Los niños, que participaron del Festivalito y que corrían alegres y traviesos bajo los banderines de colores que cubrieron las calles del pueblo, le impregnaron al ambiente un aire de curiosidad, de disposición, de expectativa a las animaciones, cortometrajes, largometrajes y documentales que se proyectaron en el Teatro municipal, en la plaza principal y en el Hotel La Española en los tres días de duración del Festival Internacional de Cine Independiente de Villa de Leyva.
Los habitantes y turistas estaban en modo cine y así se percibió el fin de semana. Los pasos de los caballos que se escuchaban a lo lejos se hacían menos frecuentes mientras las películas eran proyectadas. El eco de un saxofón, de una guitarra, una caja y una voz acorde a los boleros eran precisos para decorar un paisaje bohemio en el que cada cuadra era una manifestación distinta de arte e historia.
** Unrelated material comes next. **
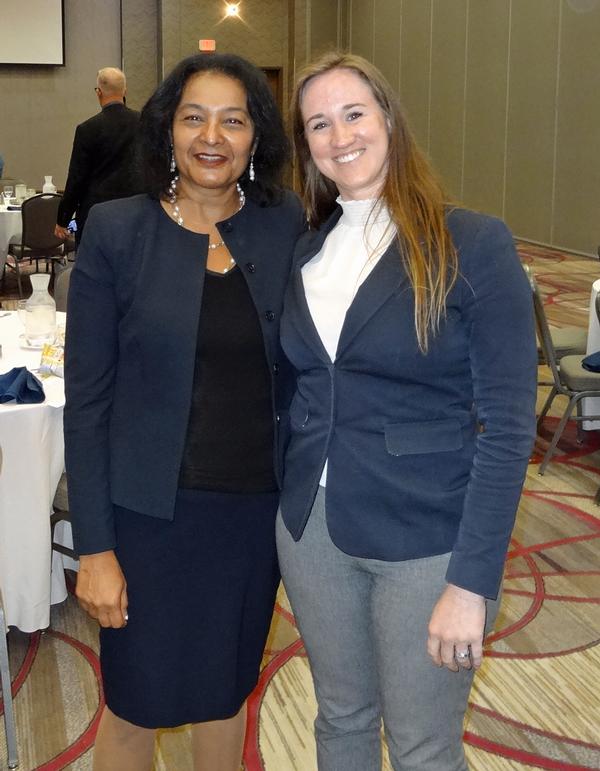 Qureshi poses next to Chloe Bauer, vice president of awards. Bauer became acquainted with Qureshi's work while attending classes at the University of Nebraska at Omaha.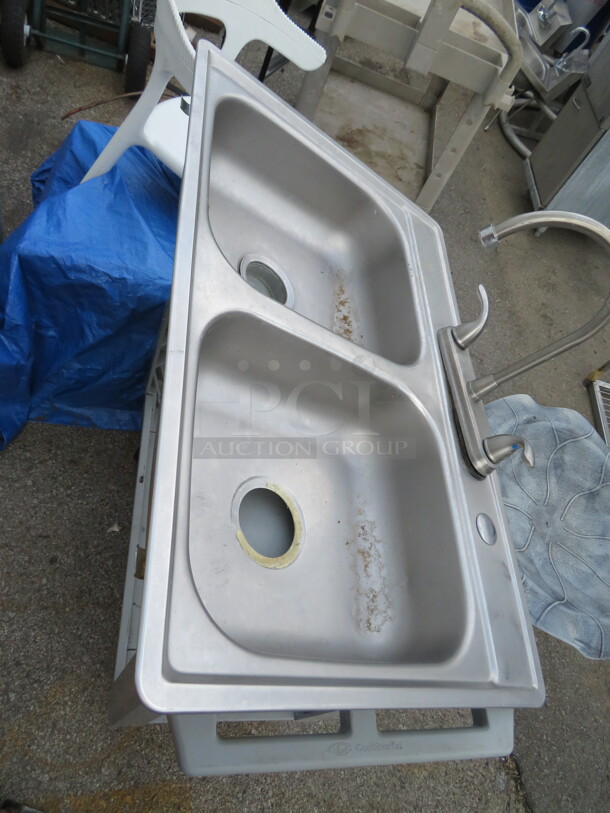 One Stainless Steel Sink With Faucet. 33X22X6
Franceses que caminaban por las calles empedradas en pantaloneta, camiseta y maletas más grandes que su torso; argentinos que, tal vez, acompañaron a Natural Arpajou a presentar su película, Yo niña -ganadora a mejor largometraje del festival- y que sonreían a los otros como si todo fuera un encuentro entre viejos amigos deambulaban por las calles en los que se llegaban a formar pequeños arroyos provocados por fuertes y efímeras lluvias.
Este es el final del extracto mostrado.